17 November 2010
Brit milah serves as the entrance of the male child into the Jewish community. It literally marks the covenant in the flesh of the male child. The practice has its opponents in our contemporary world: they say the procedure is cruel, akin to cliteroidectomy and other barbaric mutilating practices engaged in by native tribes and roundly criticized by the civilized world. Apparently about forty or fifty years ago, almost 90% of all boys received circumcision, many, of course, in hospital because they weren’t Jewish. It was for whatever reason considered stylish and proper. Today it is no longer believed to be so, and I read that fewer than 60% of males receive circumcision. It is no longer held to be fashionable.
But of late I find this argument against circumcision unconvincing. I think that we cut our flesh and that of our children all of the time. For example, many of our young people these days, and not just the females, have pierced their ears, and often have done so several times. Many infants wear earrings. Ear cartilages have been punctured through. My own two children have marked a path up their ear lobes; my dearest friend’s daughter pierced her navel interrupting, my friend moans (with rings dangling from her own ears), an important chakra path. Indeed, the bodies of so many have been pierced in so many places, some of which I prefer not to consider: the penises of some males, and the navels, nipples and clitiroses of some women being popular sites. Hamlet asks, who would such fardels bear when one could her quietus make with a bare bodkin? But I look about and people are pricking themselves with these bodkins with some frequency and I do not hear some public outcry condemning such practice.

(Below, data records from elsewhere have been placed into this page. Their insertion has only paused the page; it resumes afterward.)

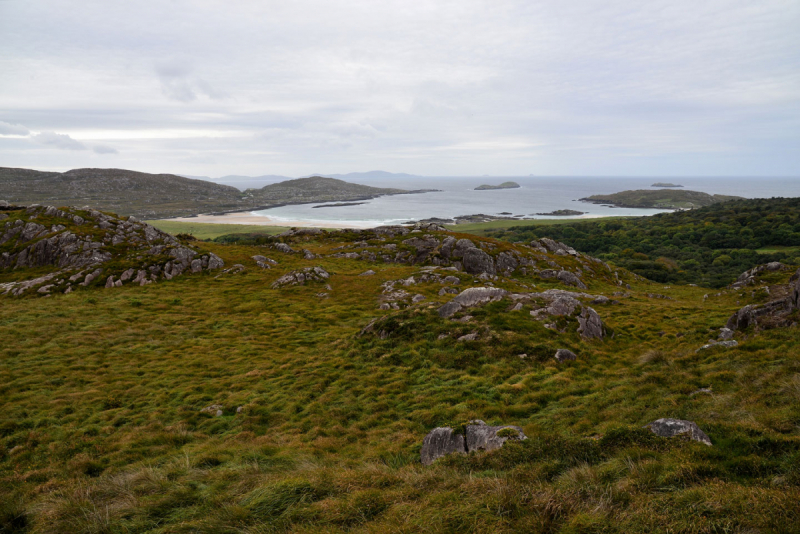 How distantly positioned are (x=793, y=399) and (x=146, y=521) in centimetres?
1829

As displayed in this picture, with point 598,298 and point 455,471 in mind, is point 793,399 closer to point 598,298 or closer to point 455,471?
point 455,471

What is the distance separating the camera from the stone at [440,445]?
444 inches

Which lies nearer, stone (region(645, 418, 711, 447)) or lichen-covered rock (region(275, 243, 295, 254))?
stone (region(645, 418, 711, 447))

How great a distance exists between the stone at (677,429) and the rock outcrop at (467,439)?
3709 millimetres

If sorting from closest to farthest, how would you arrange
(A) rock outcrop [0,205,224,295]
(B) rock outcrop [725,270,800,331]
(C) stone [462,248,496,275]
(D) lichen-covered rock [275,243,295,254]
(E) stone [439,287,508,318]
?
(B) rock outcrop [725,270,800,331]
(E) stone [439,287,508,318]
(A) rock outcrop [0,205,224,295]
(C) stone [462,248,496,275]
(D) lichen-covered rock [275,243,295,254]

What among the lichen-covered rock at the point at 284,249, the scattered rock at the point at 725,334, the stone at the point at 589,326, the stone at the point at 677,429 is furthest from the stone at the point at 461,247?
the stone at the point at 677,429

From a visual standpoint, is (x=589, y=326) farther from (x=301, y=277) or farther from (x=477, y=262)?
(x=477, y=262)

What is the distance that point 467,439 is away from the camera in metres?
11.5

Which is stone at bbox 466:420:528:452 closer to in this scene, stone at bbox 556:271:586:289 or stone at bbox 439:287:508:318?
stone at bbox 439:287:508:318

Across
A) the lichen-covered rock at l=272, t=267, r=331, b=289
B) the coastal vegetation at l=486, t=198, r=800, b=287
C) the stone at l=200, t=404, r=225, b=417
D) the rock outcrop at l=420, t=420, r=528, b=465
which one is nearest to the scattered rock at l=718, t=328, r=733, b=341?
the rock outcrop at l=420, t=420, r=528, b=465

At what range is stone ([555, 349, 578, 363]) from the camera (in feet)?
62.4

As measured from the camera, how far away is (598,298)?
35125mm

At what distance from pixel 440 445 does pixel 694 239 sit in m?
187

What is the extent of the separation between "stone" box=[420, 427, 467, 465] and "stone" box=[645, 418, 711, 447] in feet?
18.8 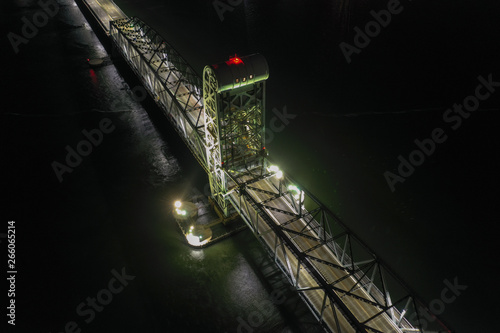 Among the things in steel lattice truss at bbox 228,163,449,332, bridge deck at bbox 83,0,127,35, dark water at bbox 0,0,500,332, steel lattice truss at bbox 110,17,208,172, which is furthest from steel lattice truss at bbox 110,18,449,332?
bridge deck at bbox 83,0,127,35

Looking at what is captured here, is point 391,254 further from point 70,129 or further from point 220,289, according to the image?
point 70,129

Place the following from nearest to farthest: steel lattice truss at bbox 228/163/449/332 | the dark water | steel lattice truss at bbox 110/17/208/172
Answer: steel lattice truss at bbox 228/163/449/332, the dark water, steel lattice truss at bbox 110/17/208/172

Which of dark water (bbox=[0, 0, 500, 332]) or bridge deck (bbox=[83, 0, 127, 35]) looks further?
bridge deck (bbox=[83, 0, 127, 35])

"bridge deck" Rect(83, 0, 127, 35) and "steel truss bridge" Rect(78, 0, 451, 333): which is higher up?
"bridge deck" Rect(83, 0, 127, 35)

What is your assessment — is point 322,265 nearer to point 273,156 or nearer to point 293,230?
point 293,230

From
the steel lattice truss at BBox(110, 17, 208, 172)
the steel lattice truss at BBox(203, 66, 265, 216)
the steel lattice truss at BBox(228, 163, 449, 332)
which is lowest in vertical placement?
the steel lattice truss at BBox(228, 163, 449, 332)

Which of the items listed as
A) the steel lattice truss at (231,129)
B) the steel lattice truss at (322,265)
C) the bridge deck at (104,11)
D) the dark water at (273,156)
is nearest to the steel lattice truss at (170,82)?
the steel lattice truss at (231,129)

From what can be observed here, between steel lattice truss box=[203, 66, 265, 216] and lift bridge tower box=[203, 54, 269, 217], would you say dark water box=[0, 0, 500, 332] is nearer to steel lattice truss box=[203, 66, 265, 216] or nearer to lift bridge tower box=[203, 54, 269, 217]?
lift bridge tower box=[203, 54, 269, 217] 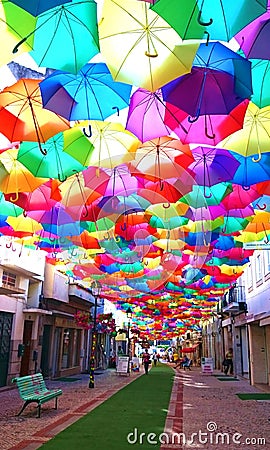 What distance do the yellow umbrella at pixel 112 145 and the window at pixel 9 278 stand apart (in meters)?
10.4

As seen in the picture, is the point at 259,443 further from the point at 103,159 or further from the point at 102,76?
the point at 102,76

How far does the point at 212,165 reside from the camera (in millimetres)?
7215

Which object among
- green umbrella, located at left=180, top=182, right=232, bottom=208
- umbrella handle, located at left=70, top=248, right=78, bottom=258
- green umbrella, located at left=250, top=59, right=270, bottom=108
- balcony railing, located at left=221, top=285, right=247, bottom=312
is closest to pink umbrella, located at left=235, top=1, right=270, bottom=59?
green umbrella, located at left=250, top=59, right=270, bottom=108

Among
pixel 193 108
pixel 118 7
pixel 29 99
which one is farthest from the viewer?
pixel 29 99

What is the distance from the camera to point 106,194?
8109mm

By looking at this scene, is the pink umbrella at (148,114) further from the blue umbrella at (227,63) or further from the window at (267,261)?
the window at (267,261)

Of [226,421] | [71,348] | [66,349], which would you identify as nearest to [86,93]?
[226,421]

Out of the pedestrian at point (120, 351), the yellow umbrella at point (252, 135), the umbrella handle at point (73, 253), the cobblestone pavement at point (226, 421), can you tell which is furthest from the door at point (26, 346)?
the pedestrian at point (120, 351)

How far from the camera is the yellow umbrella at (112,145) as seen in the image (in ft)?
22.1

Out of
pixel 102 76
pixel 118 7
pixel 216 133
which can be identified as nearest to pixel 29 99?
pixel 102 76

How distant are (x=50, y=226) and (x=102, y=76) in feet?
17.7

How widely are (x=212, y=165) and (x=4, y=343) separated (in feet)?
38.4

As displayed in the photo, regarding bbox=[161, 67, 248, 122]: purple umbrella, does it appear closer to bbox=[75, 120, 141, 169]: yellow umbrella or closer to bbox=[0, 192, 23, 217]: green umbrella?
bbox=[75, 120, 141, 169]: yellow umbrella

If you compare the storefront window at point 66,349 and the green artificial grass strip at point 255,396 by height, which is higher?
the storefront window at point 66,349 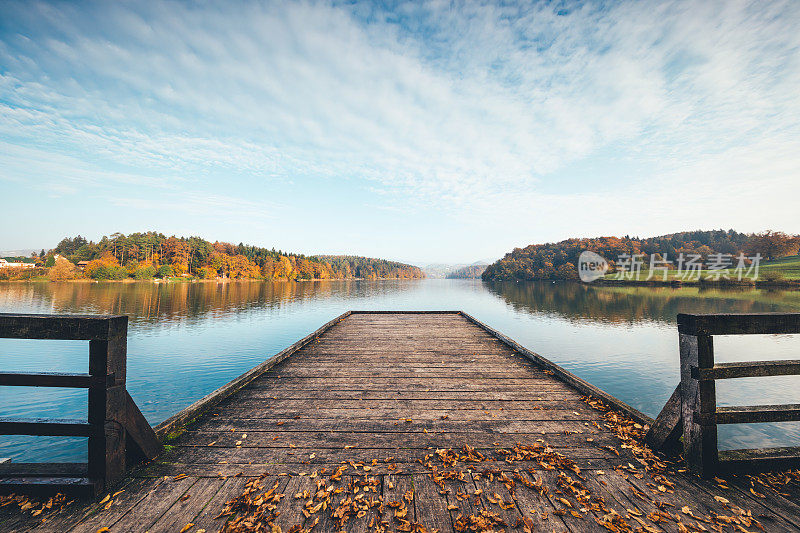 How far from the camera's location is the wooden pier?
2559mm

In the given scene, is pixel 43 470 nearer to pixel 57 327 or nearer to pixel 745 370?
pixel 57 327

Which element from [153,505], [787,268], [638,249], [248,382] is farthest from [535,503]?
[638,249]

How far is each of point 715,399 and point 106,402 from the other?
5.79 metres

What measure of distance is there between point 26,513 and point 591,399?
22.1 ft

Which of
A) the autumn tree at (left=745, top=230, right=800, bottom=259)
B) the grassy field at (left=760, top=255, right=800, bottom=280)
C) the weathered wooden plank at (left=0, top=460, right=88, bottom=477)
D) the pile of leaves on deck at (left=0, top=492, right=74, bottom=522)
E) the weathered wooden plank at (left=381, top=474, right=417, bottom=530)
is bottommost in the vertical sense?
the weathered wooden plank at (left=381, top=474, right=417, bottom=530)

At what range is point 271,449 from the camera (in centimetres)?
358

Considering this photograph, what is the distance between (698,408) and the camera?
3.12m

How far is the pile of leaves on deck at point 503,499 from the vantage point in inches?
98.7

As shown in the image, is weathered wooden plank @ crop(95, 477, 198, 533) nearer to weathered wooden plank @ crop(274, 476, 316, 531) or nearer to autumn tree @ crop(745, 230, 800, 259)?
weathered wooden plank @ crop(274, 476, 316, 531)

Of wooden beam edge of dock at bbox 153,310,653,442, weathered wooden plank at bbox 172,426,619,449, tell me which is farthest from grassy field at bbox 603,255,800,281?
weathered wooden plank at bbox 172,426,619,449

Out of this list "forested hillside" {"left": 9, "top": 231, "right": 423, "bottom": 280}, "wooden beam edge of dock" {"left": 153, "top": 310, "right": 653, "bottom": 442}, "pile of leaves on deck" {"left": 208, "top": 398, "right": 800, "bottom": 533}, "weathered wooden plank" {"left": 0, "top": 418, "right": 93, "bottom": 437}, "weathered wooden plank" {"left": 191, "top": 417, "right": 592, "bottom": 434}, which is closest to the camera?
"pile of leaves on deck" {"left": 208, "top": 398, "right": 800, "bottom": 533}

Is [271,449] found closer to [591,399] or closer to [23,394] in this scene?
[591,399]

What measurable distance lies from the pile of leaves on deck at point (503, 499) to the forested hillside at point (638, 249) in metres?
118

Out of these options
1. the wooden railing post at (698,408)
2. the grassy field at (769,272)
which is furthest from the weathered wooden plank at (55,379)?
the grassy field at (769,272) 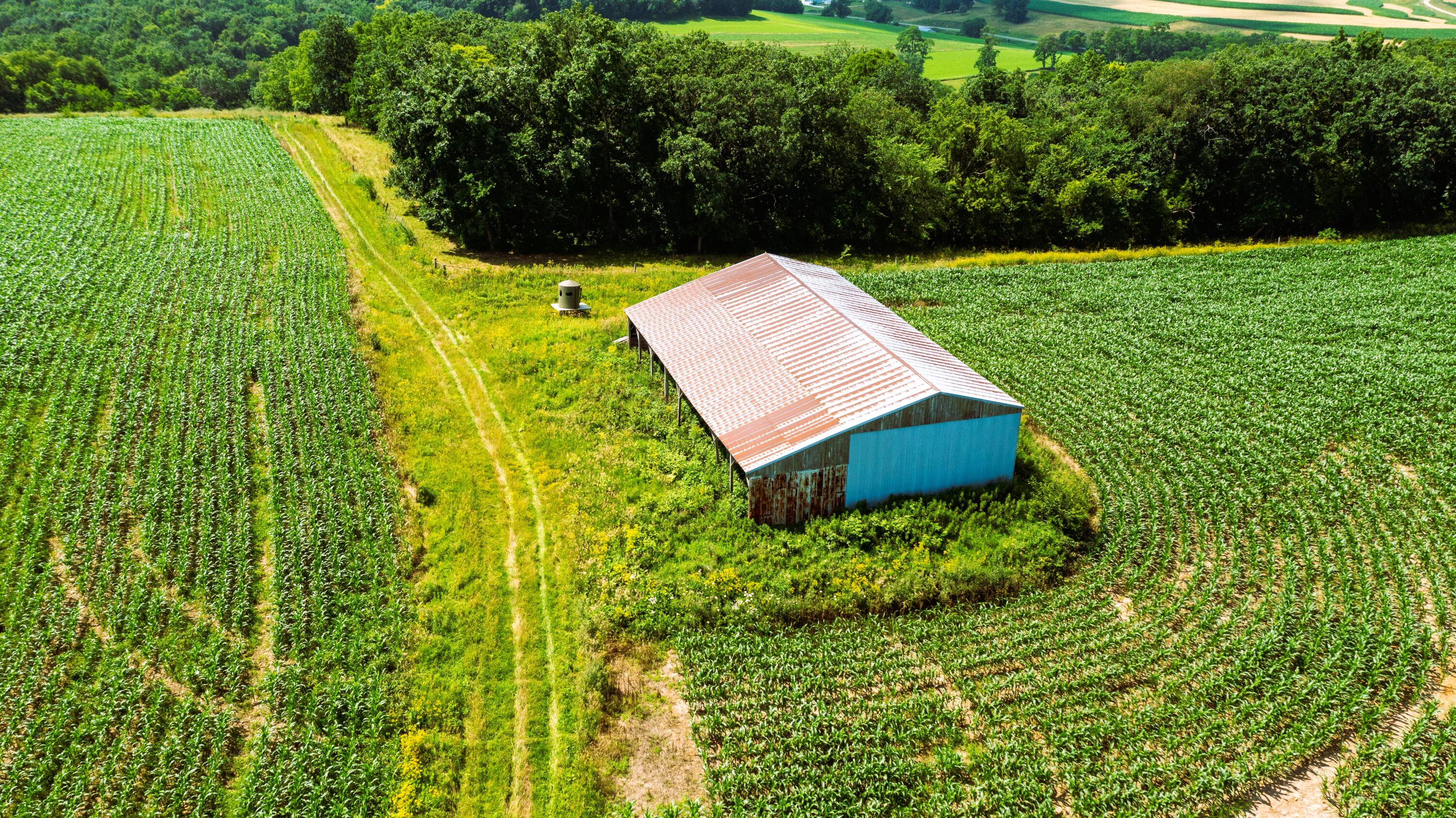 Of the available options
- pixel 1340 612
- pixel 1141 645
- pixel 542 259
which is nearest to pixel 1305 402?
pixel 1340 612

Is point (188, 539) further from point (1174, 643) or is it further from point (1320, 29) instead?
point (1320, 29)

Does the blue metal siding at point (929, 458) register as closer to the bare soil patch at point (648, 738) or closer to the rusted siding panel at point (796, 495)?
the rusted siding panel at point (796, 495)

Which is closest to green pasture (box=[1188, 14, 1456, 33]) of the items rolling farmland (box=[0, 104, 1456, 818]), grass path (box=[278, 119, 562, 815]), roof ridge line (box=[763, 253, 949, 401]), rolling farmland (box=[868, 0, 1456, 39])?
rolling farmland (box=[868, 0, 1456, 39])

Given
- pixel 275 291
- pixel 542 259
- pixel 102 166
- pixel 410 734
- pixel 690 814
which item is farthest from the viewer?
pixel 102 166

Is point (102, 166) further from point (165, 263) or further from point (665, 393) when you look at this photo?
point (665, 393)

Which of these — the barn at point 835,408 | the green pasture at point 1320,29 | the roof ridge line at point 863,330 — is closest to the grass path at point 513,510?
the barn at point 835,408

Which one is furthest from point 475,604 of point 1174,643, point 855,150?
point 855,150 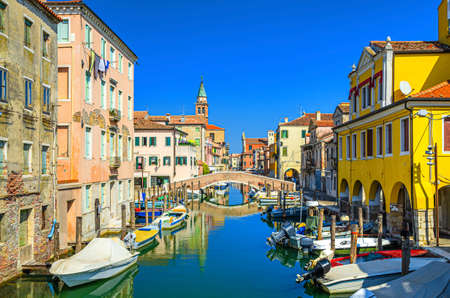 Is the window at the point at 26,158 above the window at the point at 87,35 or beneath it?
beneath

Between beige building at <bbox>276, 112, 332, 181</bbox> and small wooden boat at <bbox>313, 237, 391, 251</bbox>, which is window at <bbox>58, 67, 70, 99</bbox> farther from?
beige building at <bbox>276, 112, 332, 181</bbox>

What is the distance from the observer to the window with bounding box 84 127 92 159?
65.4 ft

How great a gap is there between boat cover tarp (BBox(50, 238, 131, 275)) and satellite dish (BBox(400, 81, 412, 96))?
1340 cm

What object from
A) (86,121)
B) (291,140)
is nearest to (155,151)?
(291,140)

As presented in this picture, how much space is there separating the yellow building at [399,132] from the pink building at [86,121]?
43.6 ft

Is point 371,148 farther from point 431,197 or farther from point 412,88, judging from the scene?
point 431,197

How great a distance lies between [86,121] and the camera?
1978 cm

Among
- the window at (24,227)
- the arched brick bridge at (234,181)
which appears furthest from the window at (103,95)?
the arched brick bridge at (234,181)

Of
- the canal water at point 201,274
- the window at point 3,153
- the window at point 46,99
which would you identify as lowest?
the canal water at point 201,274

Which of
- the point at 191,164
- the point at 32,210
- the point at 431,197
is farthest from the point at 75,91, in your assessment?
the point at 191,164

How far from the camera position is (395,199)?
1755 centimetres

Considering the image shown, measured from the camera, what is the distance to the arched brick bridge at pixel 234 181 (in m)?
46.3

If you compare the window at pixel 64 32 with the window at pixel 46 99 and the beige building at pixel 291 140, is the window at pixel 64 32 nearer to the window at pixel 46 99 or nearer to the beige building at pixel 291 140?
the window at pixel 46 99

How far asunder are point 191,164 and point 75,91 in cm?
3007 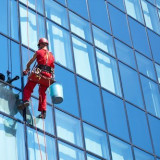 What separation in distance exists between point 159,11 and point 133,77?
6.63m

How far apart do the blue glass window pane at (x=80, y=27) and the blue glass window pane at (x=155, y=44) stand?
4.90m

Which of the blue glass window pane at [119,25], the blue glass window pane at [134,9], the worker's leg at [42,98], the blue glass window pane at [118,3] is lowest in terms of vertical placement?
the worker's leg at [42,98]

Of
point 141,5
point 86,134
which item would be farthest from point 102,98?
point 141,5

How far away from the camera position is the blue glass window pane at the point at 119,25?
26.9 m

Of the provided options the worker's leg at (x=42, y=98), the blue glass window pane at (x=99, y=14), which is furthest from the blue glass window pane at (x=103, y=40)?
the worker's leg at (x=42, y=98)

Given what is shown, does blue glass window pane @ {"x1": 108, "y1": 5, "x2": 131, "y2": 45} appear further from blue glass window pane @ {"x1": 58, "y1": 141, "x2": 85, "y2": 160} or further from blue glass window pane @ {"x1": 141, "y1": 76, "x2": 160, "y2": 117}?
blue glass window pane @ {"x1": 58, "y1": 141, "x2": 85, "y2": 160}

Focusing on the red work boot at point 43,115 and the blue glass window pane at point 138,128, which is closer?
the red work boot at point 43,115

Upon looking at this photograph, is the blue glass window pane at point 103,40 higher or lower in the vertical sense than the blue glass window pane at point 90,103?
higher

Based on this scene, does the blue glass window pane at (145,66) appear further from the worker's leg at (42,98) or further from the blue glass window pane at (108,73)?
the worker's leg at (42,98)

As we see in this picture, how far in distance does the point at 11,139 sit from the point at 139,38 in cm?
1205

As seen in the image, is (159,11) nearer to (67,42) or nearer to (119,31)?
(119,31)

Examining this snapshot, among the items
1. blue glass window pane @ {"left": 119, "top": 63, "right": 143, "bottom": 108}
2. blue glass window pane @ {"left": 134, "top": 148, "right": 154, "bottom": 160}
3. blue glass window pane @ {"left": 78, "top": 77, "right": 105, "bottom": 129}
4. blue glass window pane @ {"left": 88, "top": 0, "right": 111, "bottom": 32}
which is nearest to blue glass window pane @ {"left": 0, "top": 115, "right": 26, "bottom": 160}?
blue glass window pane @ {"left": 78, "top": 77, "right": 105, "bottom": 129}

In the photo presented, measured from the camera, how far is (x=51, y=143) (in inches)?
755

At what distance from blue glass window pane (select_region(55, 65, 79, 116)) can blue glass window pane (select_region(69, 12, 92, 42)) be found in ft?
8.68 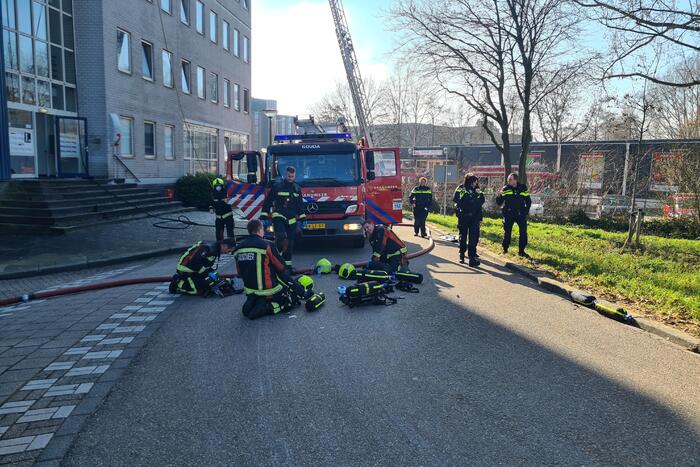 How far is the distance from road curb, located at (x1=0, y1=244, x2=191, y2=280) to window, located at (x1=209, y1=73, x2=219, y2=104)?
1832 cm

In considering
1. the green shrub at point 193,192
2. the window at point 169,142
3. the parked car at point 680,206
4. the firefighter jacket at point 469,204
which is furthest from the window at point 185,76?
the parked car at point 680,206

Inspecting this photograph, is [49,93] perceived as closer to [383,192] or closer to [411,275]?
[383,192]

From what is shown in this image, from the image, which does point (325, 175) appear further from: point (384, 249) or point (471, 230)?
point (384, 249)

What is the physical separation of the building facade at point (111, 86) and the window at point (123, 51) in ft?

Tattoos are visible, and even, I suspect, invisible on many citizens who might once have eschewed company with anyone sporting such bodily attire. Personally, I experience these tattoos as a form of violence: they remind me at times of the t-shirts I hate to stare at but which demand that I do so—like the ones which have blazoned across the chest “Do not stare at my chest.” These tattoos demand to be seen, and though I need not look, why else are they so obviously visible? Many of the designs are somewhat simple, and some, I think, even inconspicuously placed; some, I am certain I never see at all, though I suspect they serve some purpose about which I would prefer not to know. However, the ones I do see—and they are ubiquitous today, even people of my generation carry them as marks upon the flesh--are very much in view on arms, legs, on chests, and on the smalls and larges of backs, on shoulders left and right, and on heads and necks. And then there are the tattoos that are elaborate designs that cover entire body parts and are inked in strong, bold patterns and colors, leaving no skin unmarked, and I feel assaulted by the broadcast volume and the demand to view. Just yesterday I saw a tattoo done circling the left ankle—almost like an ankle bracelet, but this appeared not at all delicate and off-setting, but was inked in black and appeared to me in drawn in the image of barbed wire. As a society we are tolerant of these practices and intolerant of circumcision. I suspect some anti-Semitism behind the attitudes.
I know that it might be argued that these piercings and tattooings are voluntary. That is subject to some question: cultural practice has much to do with choice. In the plethora of brit milahs I observe on YouTube, the child experiences pain briefly, and within ten to fifteen seconds has returned to some peacefulness and quiet. I do not remember my brit, and have no recollection of experiencing any early pain though there is no doubt it was present.
I’ve gotten older, and I’ve grown if not more comfortable to the idea of the brit milah, at least more prepared to respond to the accusation that circumcision is a barbaric rite. For me the brit milah contains and celebrates thousands of years of history, struggle and survival in the face of insurmountable odds and unconscionable violence. It is a minor pin- prick in the entire life of the child, but it joins him viscerally and irrevocably to the community and to a history that can be dismissed only with some cost. Inherently, there is implicit in the ceremony a sexism, and I read that feminists propose several practices that might serve as a female counterpart to the brit milah: washing the soles of the eight day old girl child’s feet, or the breaking of the hymen. I do not know what I think of these ideas, but for me, the practice of brit milah retains yet the cultish aspects of a Judaism that preached care for the widow, the orphan and the stranger in our midst but that rose out of an almost universal barbarism. It is important to recognize the history undergirding our actions and sometimes to align our actions to honor and to sustain that history into the present.